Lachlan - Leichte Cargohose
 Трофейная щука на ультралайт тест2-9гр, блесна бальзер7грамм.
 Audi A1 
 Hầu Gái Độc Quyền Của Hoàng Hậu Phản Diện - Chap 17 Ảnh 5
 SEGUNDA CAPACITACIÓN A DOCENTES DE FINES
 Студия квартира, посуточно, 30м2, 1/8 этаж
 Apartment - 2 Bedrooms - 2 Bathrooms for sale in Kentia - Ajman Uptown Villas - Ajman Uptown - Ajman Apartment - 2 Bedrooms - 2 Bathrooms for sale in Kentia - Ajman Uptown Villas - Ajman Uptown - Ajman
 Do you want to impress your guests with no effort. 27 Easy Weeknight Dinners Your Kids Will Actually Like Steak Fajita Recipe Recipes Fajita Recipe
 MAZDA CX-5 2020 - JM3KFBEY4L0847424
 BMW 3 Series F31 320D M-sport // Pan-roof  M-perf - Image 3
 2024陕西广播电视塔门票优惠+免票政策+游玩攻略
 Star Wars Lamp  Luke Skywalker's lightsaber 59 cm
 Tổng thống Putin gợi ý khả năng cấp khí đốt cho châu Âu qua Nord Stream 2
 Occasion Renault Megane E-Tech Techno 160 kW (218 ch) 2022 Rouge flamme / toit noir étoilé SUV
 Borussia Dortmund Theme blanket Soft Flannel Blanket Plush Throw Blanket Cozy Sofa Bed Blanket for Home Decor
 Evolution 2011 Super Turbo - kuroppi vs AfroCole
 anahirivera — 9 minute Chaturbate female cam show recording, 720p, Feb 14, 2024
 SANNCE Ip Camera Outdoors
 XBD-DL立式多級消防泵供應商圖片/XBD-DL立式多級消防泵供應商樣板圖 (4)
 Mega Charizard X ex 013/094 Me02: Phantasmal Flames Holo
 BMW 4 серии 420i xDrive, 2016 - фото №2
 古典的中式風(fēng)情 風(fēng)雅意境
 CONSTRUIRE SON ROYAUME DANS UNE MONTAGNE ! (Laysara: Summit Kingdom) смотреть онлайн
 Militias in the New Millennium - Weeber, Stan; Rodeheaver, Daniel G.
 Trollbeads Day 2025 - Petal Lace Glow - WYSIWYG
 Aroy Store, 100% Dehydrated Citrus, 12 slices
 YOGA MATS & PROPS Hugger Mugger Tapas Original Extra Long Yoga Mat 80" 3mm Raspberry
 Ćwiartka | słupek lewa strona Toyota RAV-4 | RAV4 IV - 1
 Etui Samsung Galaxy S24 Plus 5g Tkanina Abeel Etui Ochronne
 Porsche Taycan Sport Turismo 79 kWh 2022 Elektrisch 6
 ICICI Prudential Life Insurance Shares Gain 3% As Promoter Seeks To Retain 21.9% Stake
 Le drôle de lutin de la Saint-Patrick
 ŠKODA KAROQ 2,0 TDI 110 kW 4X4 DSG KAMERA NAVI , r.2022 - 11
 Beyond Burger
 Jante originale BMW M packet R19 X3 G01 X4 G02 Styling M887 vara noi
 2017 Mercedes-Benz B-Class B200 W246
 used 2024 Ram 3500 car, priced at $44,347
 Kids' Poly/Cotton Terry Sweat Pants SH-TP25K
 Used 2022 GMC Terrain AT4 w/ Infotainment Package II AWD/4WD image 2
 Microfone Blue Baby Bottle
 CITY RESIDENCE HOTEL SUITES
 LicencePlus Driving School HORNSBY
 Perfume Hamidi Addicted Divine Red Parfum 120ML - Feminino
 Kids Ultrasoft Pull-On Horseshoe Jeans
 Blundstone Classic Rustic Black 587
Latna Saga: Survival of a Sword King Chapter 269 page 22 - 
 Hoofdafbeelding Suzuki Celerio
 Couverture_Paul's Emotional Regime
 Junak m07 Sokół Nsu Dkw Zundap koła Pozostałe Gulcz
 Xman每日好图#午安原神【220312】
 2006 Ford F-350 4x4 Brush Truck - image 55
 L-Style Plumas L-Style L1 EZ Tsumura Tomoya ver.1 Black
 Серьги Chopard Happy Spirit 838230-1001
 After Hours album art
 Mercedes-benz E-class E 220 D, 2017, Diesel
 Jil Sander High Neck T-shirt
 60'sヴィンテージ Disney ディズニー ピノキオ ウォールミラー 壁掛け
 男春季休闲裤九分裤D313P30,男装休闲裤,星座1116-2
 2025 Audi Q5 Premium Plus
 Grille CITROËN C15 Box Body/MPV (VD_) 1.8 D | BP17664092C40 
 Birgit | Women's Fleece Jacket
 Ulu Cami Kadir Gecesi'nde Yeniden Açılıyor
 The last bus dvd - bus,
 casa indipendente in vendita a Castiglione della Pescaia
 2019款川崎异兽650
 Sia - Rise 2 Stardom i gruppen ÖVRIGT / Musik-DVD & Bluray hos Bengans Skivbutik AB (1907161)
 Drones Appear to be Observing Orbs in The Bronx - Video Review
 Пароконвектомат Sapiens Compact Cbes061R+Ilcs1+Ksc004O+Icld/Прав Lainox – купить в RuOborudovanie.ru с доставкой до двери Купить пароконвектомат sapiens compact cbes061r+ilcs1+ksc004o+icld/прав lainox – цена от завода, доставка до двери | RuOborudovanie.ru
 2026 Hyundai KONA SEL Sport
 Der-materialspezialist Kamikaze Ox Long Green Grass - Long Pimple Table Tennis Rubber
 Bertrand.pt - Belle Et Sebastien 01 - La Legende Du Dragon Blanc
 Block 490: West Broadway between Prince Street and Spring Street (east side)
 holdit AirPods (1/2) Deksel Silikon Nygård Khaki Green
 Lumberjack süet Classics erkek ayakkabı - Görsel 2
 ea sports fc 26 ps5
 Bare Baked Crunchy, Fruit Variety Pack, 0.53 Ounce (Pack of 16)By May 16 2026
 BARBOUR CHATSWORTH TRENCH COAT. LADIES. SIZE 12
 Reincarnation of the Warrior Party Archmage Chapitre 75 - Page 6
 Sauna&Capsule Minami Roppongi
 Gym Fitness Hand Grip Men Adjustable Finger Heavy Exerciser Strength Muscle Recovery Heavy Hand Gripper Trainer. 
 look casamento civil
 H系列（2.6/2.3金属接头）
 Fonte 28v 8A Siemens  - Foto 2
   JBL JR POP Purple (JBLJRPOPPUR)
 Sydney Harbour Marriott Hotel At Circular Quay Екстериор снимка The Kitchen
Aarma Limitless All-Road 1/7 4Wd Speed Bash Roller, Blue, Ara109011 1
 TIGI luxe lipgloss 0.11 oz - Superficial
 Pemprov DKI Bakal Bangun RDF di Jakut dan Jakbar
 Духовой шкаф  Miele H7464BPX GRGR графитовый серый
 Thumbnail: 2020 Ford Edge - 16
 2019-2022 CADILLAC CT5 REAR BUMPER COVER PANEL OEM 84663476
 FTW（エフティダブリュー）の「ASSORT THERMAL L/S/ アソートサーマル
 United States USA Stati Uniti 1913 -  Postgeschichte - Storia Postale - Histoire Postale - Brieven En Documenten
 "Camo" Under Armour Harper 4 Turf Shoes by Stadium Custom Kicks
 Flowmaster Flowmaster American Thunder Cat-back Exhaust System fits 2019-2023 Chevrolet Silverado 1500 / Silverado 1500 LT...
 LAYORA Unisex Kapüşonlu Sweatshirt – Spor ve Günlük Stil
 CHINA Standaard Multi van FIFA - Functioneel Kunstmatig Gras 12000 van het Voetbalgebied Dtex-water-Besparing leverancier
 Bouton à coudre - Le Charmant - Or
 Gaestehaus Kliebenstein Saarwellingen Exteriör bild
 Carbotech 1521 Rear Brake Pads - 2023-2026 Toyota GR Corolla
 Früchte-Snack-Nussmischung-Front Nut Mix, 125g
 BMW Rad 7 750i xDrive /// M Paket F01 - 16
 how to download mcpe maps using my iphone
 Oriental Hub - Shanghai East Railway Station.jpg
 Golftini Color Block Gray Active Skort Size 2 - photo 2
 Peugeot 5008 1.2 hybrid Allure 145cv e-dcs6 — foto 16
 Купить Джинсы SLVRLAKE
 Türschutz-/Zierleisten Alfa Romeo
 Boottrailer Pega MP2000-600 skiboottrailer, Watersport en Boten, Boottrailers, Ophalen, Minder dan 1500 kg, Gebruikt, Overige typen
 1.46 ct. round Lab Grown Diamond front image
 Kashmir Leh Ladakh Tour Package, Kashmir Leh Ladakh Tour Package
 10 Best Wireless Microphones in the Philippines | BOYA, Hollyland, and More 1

Exercise prompt:
Write down, word for word, the lines above from the one containing "SEGUNDA CAPACITACIÓN A DOCENTES DE FINES" through the one containing "Tổng thống Putin", both ends included.

Result below:
 SEGUNDA CAPACITACIÓN A DOCENTES DE FINES
 Студия квартира, посуточно, 30м2, 1/8 этаж
 Apartment - 2 Bedrooms - 2 Bathrooms for sale in Kentia - Ajman Uptown Villas - Ajman Uptown - Ajman Apartment - 2 Bedrooms - 2 Bathrooms for sale in Kentia - Ajman Uptown Villas - Ajman Uptown - Ajman
 Do you want to impress your guests with no effort. 27 Easy Weeknight Dinners Your Kids Will Actually Like Steak Fajita Recipe Recipes Fajita Recipe
 MAZDA CX-5 2020 - JM3KFBEY4L0847424
 BMW 3 Series F31 320D M-sport // Pan-roof  M-perf - Image 3
 2024陕西广播电视塔门票优惠+免票政策+游玩攻略
 Star Wars Lamp  Luke Skywalker's lightsaber 59 cm
 Tổng thống Putin gợi ý khả năng cấp khí đốt cho châu Âu qua Nord Stream 2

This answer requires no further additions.